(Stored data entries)
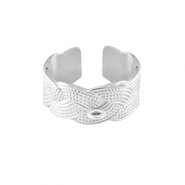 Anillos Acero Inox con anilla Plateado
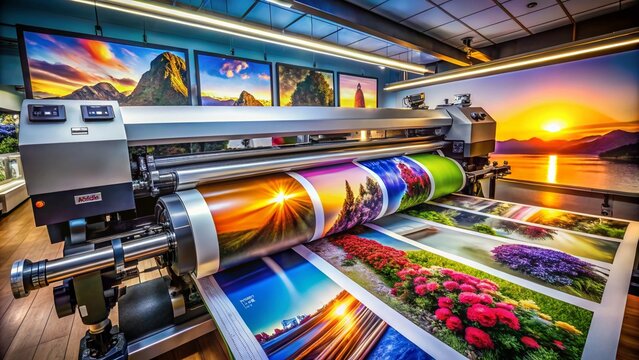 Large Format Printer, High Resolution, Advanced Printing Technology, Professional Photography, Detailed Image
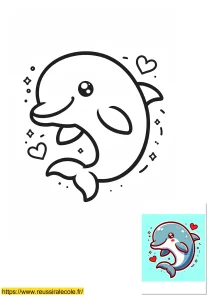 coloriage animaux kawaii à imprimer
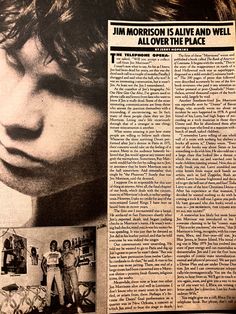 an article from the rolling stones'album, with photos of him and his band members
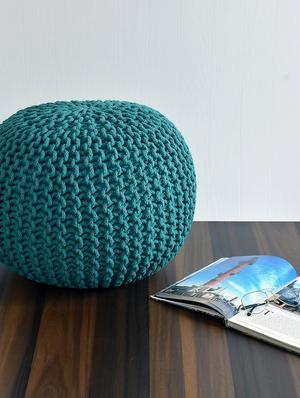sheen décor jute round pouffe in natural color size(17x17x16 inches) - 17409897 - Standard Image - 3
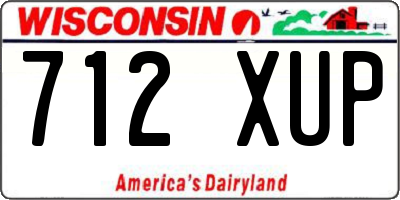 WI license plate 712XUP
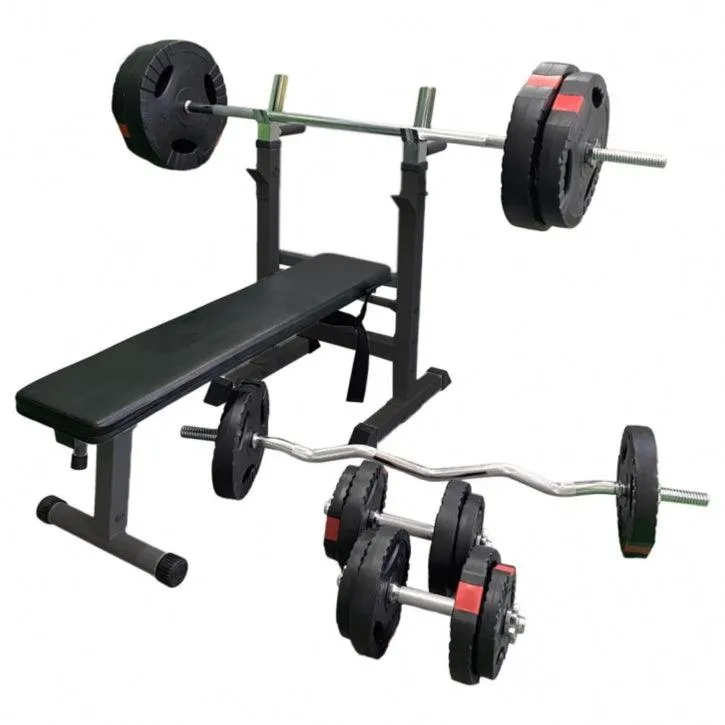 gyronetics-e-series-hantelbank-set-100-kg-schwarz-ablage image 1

Task to carry out:
Copy out exactly, with no pictures, the lines of the data from the first one through the line bearing "sheen décor jute".

Response:
 Anillos Acero Inox con anilla Plateado
 Large Format Printer, High Resolution, Advanced Printing Technology, Professional Photography, Detailed Image
 coloriage animaux kawaii à imprimer
 an article from the rolling stones'album, with photos of him and his band members
sheen décor jute round pouffe in natural color size(17x17x16 inches) - 17409897 - Standard Image - 3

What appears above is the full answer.